New association hopes to promote businesses in the Parker Gray area.

When Mayor Bill Euille was first elected to the City Council in 1994, he and incoming Councilwoman Lois Walker wanted to improve the Queen Street corridor. Sandwiched between the shops and King Street and a cluster of public-housing units toward the Braddock Street Metro station, the Queen Street area had long been perceived as an area of persistent crime and lingering problems.

“We wanted to call it the Queen Street Renaissance, but it just never got off the ground,” Euille said. “So much for the renaissance.”

But now, a group of business owners in the area are uniting to form a new group: the Queen Street Area Business Association. The group hopes to foment its own renaissance, increasing communication between business owners and improving the general atmosphere of the historically black neighborhood that includes the Parker Gray Historic District.
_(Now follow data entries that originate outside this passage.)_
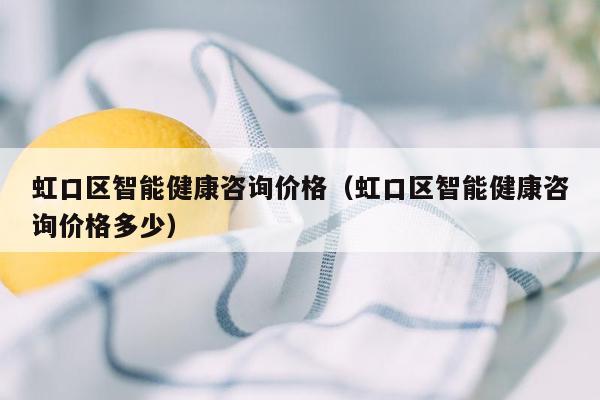 虹口区智能健康咨询价格（虹口区智能健康咨询价格多少）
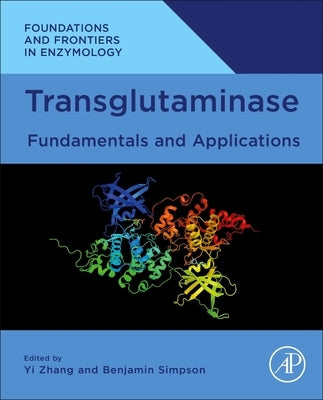 Transglutaminase: Fundamentals and Applications by Zhang, Yi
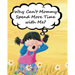 Why Can't Mommy Spend More Time with Me?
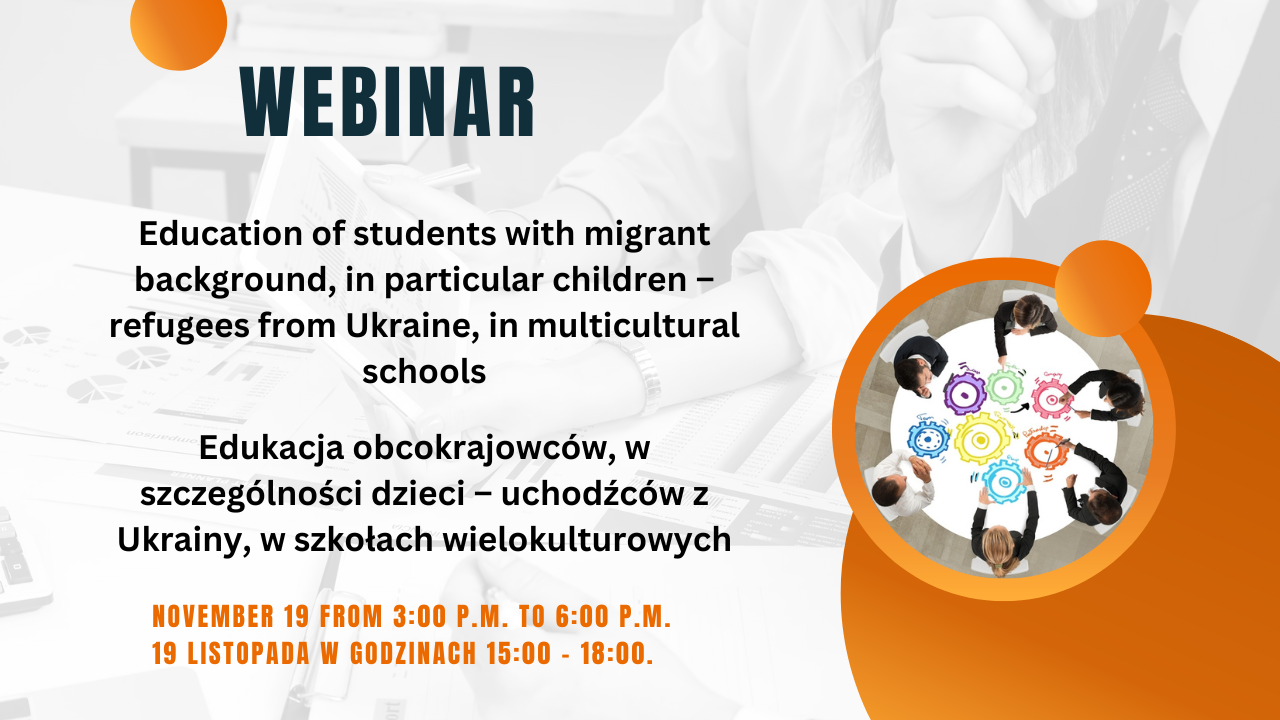 The webinar „Education of students with migrant background, in&nbsp;particular children – refugees from Ukraine, in&nbsp;multicultural schools”. Webinarium „Edukacja obcokrajowców, w&nbsp;szczególności dzieci – uchodźców z&nbsp;Ukrainy, w&nbsp;szkołach wielokulturowych”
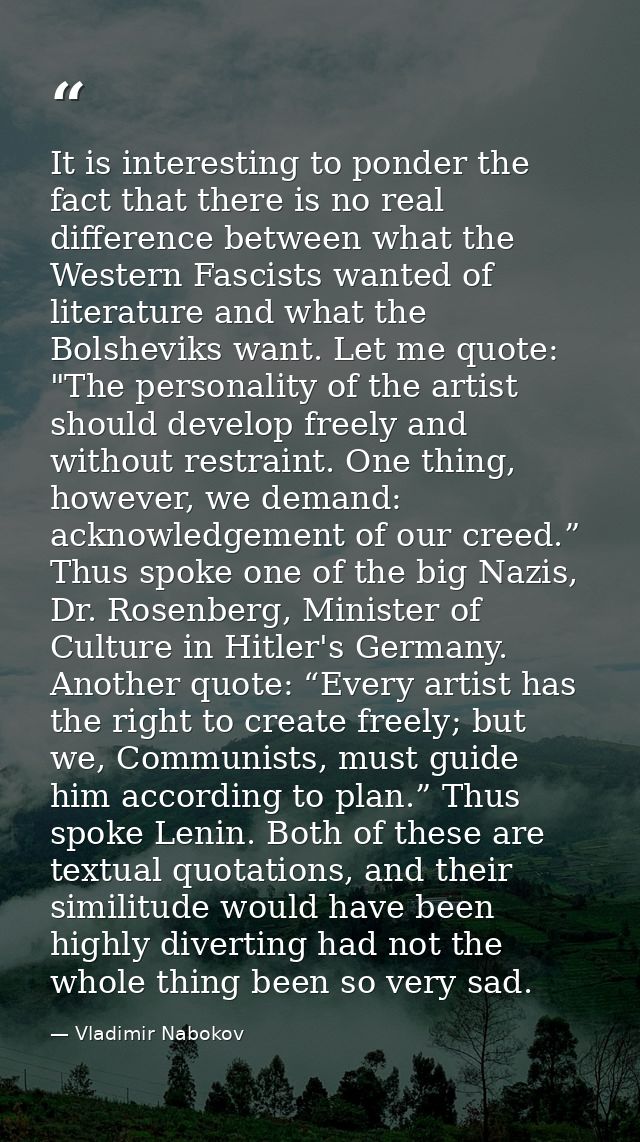 It is interesting to ponder the fact that there is no real difference between what the Western Fascists wanted of litera — Vladimir Nabokov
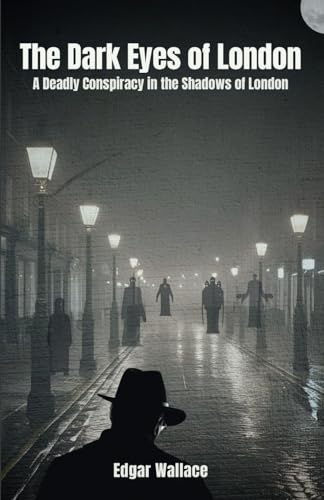 THE DARK EYES OF LONDON: A DEADLY CONSPIRACY, A RUTHLESS KILLER, AND A CITY SHROUDED IN FEAR THE DARK EYES OF LONDON: A DEADLY CONSPIRACY, A RUTHLESS KILLER, AND A CITY SHROUDED IN FEAR von Independently published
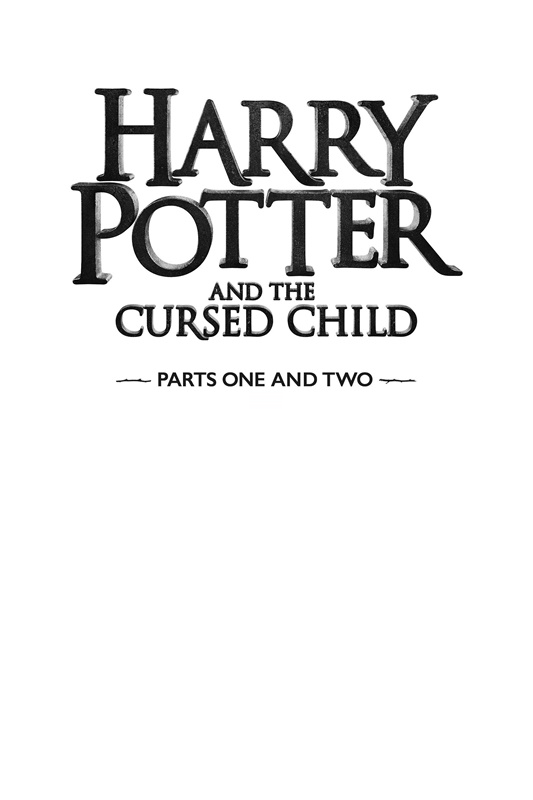 Harry Potter and the Cursed Child - Parts One Two Special Rehearsal Edition Script The Official Script Book of the Original West End Production - image 2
“We have a vision to improve Queen Street,” said Wilson Thompson, who has owned a financial services business in the area since 1997. “We want to make business better, and we want to make the community better.”

Thompson said that the association already has 10 members, and it hopes to add more in the coming days. One of the main goals is for Queen Street business to interact with each other, using local services to improve the neighborhood’s economy. Eventually, Thompson said, he’d like to see the organization branch out into improving safety and offering educational opportunities.

“Our first priority is to add new members. Then we want to put together a newsletter,” Thompson said. “Anytime there is economic development, it drives out crime because citizens become more concerned about their community.”

For James Bock, vice president of the Queen Street Area Business Association, reducing crime in the area is a difficult but important goal. He said that vigilance will be necessary to make people feel safe walking the streets, and he says that the association wants to do everything in its power to work toward change.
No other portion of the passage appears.